The declaration will speed up federal funds to help people rebuild.
Two people died as a result of the storm and at least 27 were injured when a tornado ripped through Mayodan and Stoneville on Friday. The storms caused $4.3 million in damage to 49 Stoneville businesses.
``I've seen this time and time again,'' Witt said at Stoneville Elementary School, which was closed today as emergency officials use it as a home base. ``There's one thing people here need to know. They will rebuild, and they will rebuild better.''
The disaster declaration means victims can receive federal help in the form of temporary housing checks, grants of up to $10,000 to rebuild homes or low-interest loans. Unemployment payments also are available for nearly 50 people who lost their jobs because of the storm.
Federal officials also must decide whether help is needed for local governments to pay for overtime, the use of public equipment and utilities.
Witt said he would ask U.S. Department of Labor officials today about grants that would allow local governments to hire those out of work to help clean up. Grants from the National Preservation Society also could help Stoneville rebuild its historic downtown, where brick buildings dating from the turn of the century were destroyed.
``It opens up the pocketbook for us,'' Mayor Rex Tuggle said.
As Witt toured the downtown, he stopped and pointed at the clock at Rex & Julia's Antiques, which stopped at 3:35 p.m., just when the storm hit. Witt turned to Tuggle, who owns the shop, which is mostly leveled.
``Are you going to leave the clock sitting there?'' Witt asked Tuggle.
``I don't want any reminder,'' Tuggle said.
Witt visited Rockingham County a few hours after congregations at churches damaged by the storm gathered to pray, sing and ask God why.
Others have learned not to ask.
``The Lord giveth, and the Lord taketh away,'' said the Rev. Paul Sisk of West Side Baptist Church in Mayodan, one of a few buildings in the town destroyed. ``I don't know why, but I don't even question why.''
West Side, which met in a local funeral home for Sunday morning worship, asked his congregation to pray Mayodan United Methodist Church, which also was destroyed.
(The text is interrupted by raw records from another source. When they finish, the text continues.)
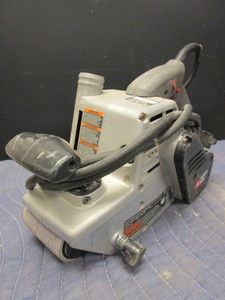lot 746 image: PORTER-CABLE VARIABLE BELT SANDER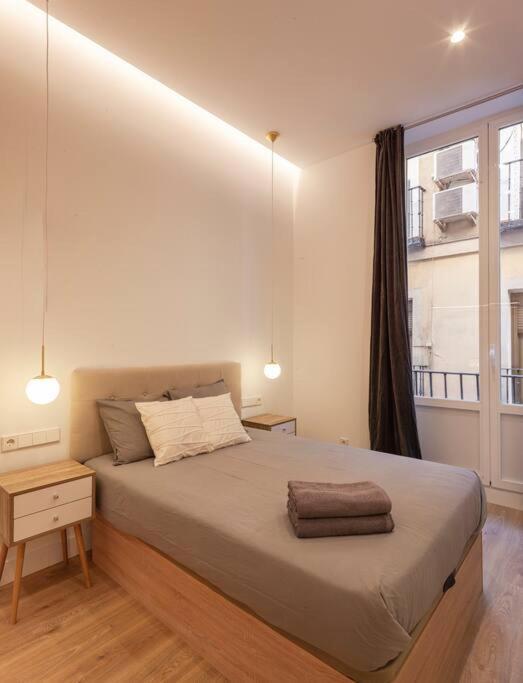 Centro III Calle Carrera De San Jeronimo 3Br 3Bh Madrid Buitenkant foto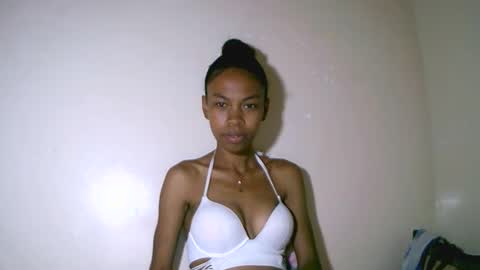 Snapshot of fyah1027 chatting on November 19, 3:17 am fyah1027 online show from November 19, 3:17 am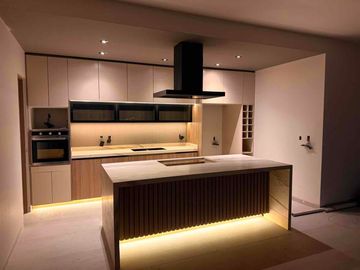 Casa en venta en zanda residencial en esquina.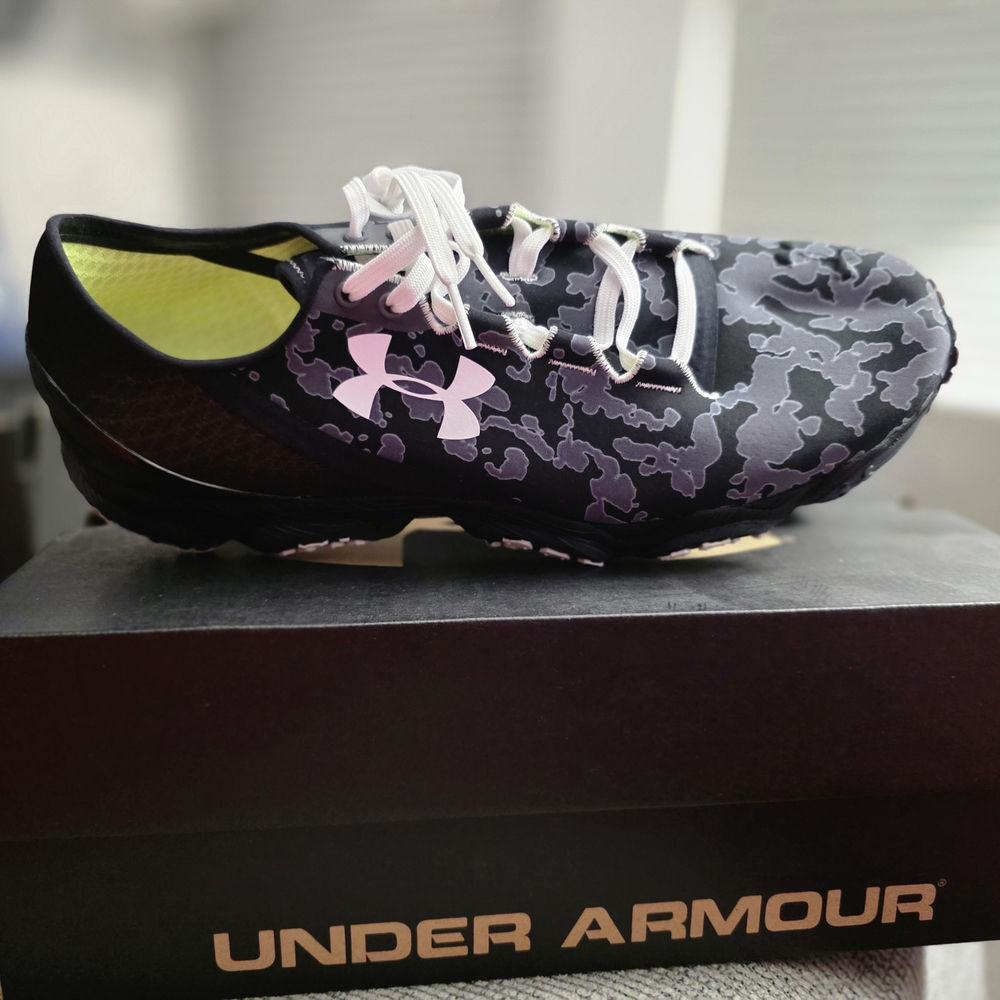 Under Armour men's Black and Gray Athletic Shoes New.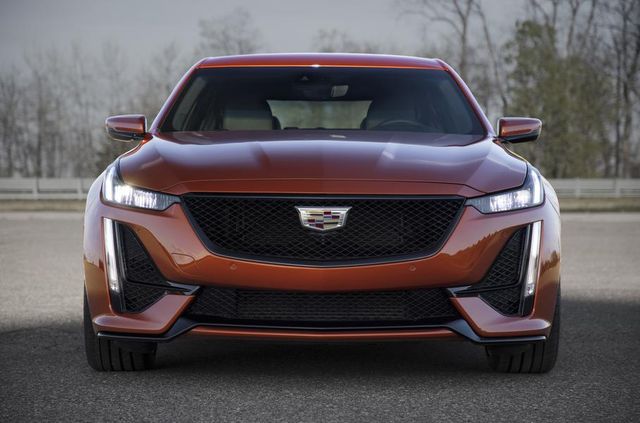 Cadillac представив два 'заряджені' седани - фото 331186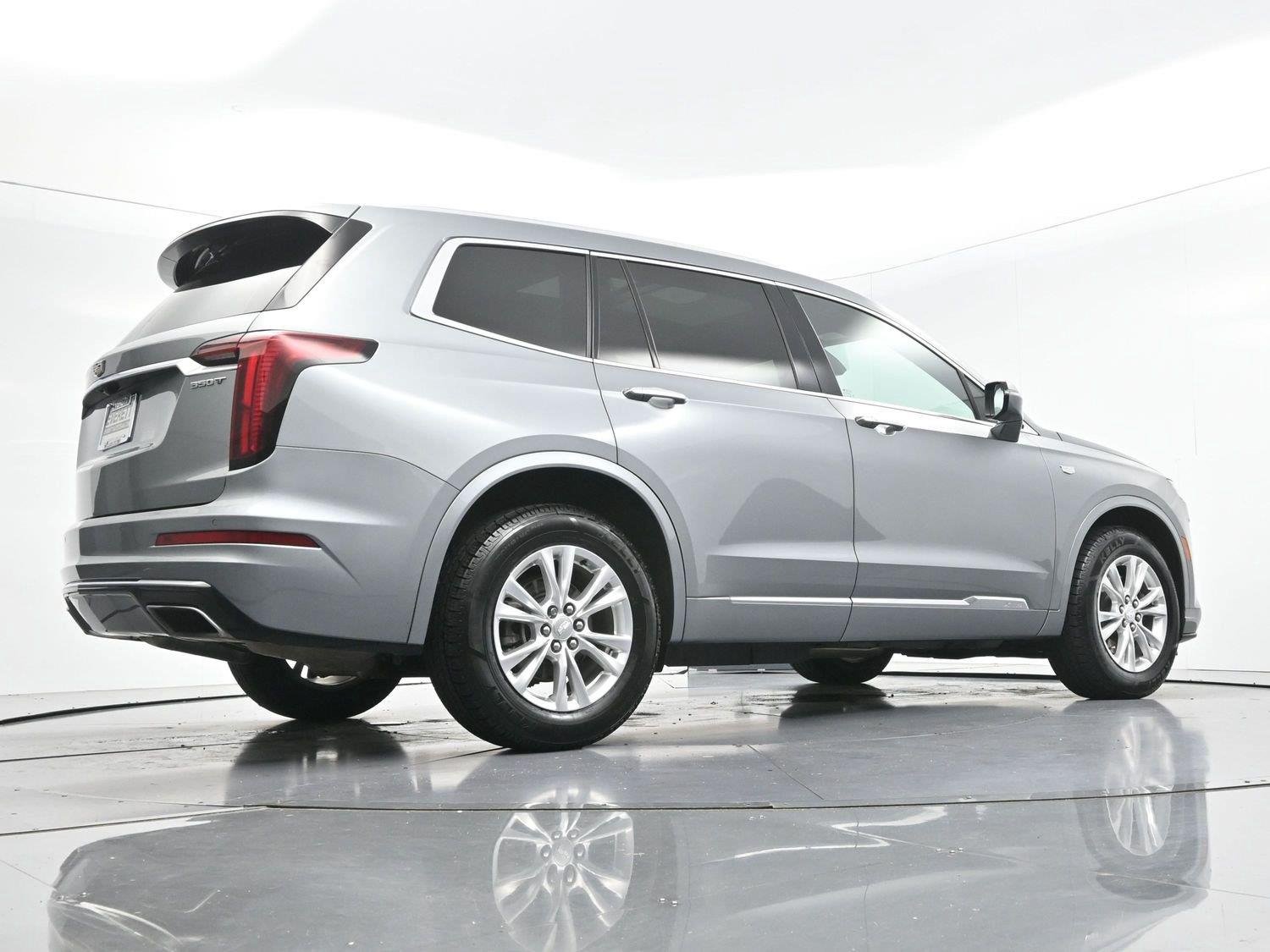 Used 2024 Argent Silver Metallic Cadillac Luxury image 56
The Mayodan Methodist congregation met in what was left of the church fellowship hall - a floor bordered by low walls of ragged brick. The Rev. Doug Miller stood by a pulpit and cross salvaged from the gutted sanctuary and the audience of about 200 people sat in folding chairs and stood on the mud-streaked tile floor.
Miller challenged the crowd to see the good in the loss of the two churches: the buildings were destroyed instead of homes surrounding the church.
``In a strange kind of way, I believe it was a blessing that this building was destroyed and that West Side Baptist was destroyed,'' Miller said. ``Our churches, I know, were literally sacrificed for our community.
``... These little stick homes that were built by our mills, they're still standing.''
Tom Ditt, a spokesman for the state Division of Emergency Management, said cleanup efforts in Rockingham County were progressing well Sunday, but that Stoneville remained closed to visitors because of potential structural problems in some of the buildings.
``Things are getting better,'' Ditt said.
The Red Cross scheduled today to open a disaster assistance service center at the Madison-Mayodan Recreation Center. The Red Cross has already opened a shelter at the center. At least 20 people used a high school for a shelter Saturday night.
Duke Power Co. said that power has been restored to nearly all of the 10,000 people who lost electricity Friday.